Your objective: Every line in the listing below from the one with "Building Photo - MOVE" through the one with "Photo 3 VIN: 1FMDU73W82UB88241" is to be reproduced exactly, both ends included; leave out the rest.

Data extract:
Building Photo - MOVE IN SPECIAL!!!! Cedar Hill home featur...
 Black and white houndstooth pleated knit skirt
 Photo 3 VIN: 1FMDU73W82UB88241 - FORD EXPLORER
--
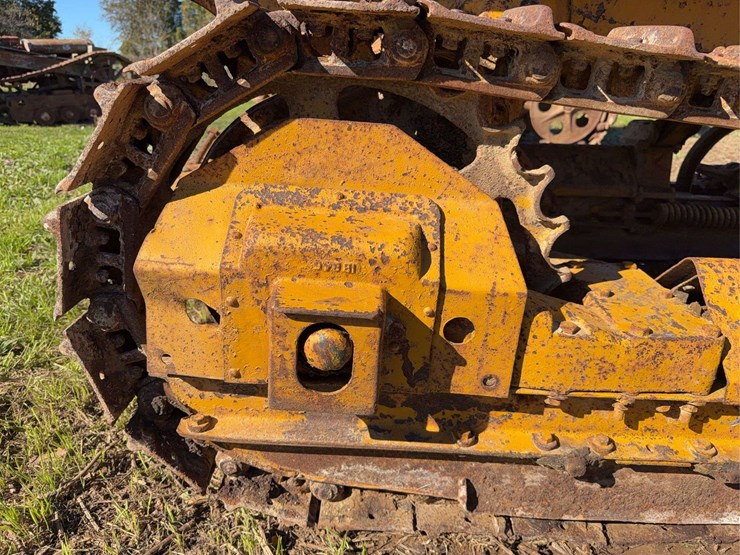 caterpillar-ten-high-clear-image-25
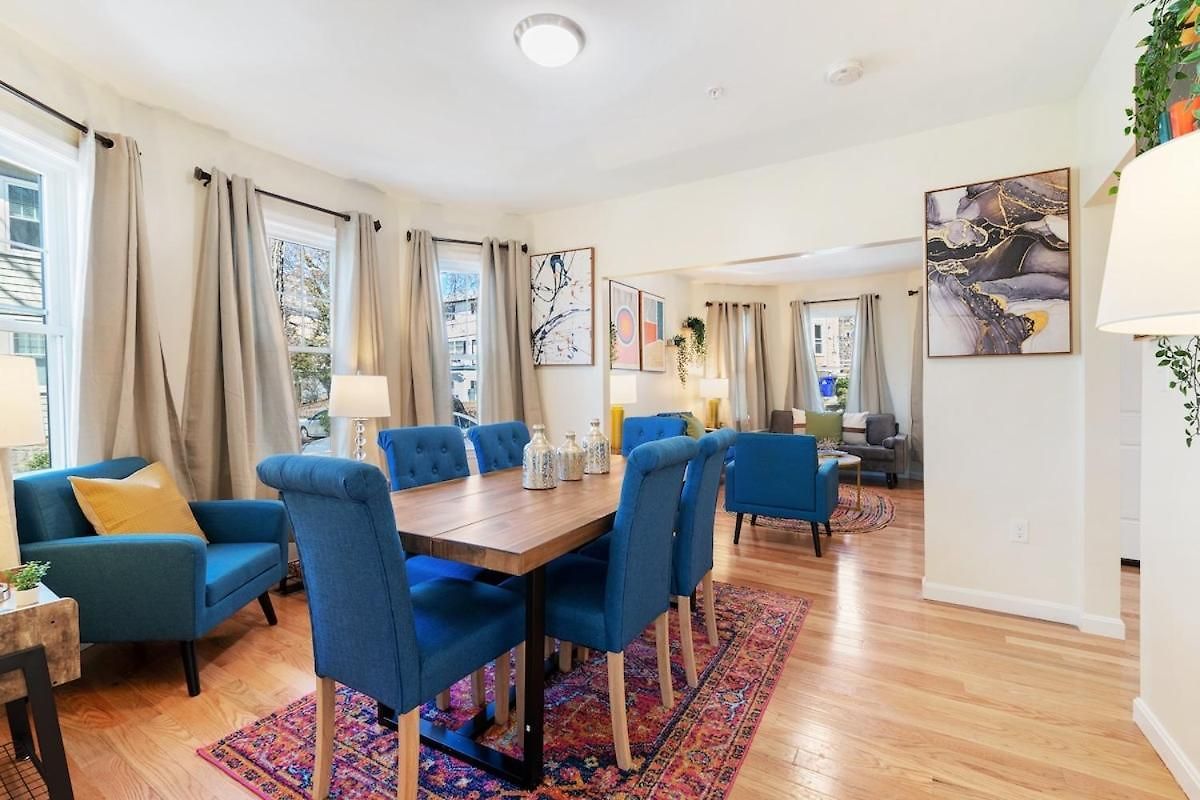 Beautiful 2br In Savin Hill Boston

Exercise response:
Building Photo - MOVE IN SPECIAL!!!! Cedar Hill home featur...
 Black and white houndstooth pleated knit skirt
 Photo 3 VIN: 1FMDU73W82UB88241 - FORD EXPLORER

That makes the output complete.